== Records for processing ==
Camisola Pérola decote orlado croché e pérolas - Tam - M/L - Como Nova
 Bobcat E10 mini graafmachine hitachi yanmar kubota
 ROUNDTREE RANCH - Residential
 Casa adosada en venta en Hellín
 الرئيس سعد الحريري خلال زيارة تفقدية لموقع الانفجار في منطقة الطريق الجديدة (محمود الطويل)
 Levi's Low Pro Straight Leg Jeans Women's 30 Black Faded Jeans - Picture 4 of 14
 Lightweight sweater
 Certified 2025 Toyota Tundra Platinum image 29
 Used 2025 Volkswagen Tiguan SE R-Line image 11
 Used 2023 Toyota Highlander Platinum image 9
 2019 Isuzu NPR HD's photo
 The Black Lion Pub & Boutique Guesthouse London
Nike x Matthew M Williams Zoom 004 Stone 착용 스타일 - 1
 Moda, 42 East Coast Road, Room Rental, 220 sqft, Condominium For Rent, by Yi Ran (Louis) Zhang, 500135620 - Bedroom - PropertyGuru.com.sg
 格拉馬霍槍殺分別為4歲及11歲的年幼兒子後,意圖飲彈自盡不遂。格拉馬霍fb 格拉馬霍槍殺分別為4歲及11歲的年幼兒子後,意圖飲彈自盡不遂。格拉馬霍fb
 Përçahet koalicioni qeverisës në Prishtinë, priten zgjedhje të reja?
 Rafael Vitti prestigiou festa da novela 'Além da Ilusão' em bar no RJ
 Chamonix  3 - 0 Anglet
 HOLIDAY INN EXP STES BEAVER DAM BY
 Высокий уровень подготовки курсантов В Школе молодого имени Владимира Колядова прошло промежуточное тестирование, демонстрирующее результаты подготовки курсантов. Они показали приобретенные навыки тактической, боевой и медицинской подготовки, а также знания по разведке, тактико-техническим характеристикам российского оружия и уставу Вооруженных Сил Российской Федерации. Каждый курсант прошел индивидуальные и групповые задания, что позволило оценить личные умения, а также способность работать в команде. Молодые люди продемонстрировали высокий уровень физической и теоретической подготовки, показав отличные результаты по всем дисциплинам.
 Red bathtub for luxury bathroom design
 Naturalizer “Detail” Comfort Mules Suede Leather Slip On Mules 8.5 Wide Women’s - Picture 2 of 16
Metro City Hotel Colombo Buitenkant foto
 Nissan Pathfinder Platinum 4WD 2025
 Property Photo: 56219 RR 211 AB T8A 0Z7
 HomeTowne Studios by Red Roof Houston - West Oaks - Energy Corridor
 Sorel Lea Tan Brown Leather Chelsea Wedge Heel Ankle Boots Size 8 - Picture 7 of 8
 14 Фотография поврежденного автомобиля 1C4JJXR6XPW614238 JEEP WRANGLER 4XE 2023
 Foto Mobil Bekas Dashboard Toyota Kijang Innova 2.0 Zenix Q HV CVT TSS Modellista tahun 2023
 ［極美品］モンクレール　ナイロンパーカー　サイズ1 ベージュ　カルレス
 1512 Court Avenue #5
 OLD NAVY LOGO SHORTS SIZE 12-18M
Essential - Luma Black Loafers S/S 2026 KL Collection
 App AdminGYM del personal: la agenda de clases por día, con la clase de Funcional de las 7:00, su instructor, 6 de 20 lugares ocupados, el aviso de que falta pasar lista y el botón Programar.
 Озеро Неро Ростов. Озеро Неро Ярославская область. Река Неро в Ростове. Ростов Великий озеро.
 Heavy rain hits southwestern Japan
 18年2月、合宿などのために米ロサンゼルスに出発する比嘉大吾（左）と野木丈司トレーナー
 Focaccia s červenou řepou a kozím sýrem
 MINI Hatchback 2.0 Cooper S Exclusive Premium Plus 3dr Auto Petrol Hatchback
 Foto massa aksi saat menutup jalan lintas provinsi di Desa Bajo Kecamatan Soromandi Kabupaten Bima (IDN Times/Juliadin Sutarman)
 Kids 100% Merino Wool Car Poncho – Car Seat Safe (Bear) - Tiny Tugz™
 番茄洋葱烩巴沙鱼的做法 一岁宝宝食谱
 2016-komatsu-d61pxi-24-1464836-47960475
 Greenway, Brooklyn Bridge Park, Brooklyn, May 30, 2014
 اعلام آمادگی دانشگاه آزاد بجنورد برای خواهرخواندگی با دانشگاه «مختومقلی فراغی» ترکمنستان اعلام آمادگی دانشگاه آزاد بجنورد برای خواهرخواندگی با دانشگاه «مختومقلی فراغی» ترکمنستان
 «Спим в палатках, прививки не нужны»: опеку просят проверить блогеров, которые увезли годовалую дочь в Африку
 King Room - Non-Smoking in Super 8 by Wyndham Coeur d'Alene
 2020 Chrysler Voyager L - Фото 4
===
Exercise objective:
Once the line with "Përçahet koalicioni qeverisës" is found in the records above, print exactly that line and every line after it through the line with "HOLIDAY INN EXP STES BEAVER DAM BY".

Task answer:
 Përçahet koalicioni qeverisës në Prishtinë, priten zgjedhje të reja?
 Rafael Vitti prestigiou festa da novela 'Além da Ilusão' em bar no RJ
 Chamonix  3 - 0 Anglet
 HOLIDAY INN EXP STES BEAVER DAM BY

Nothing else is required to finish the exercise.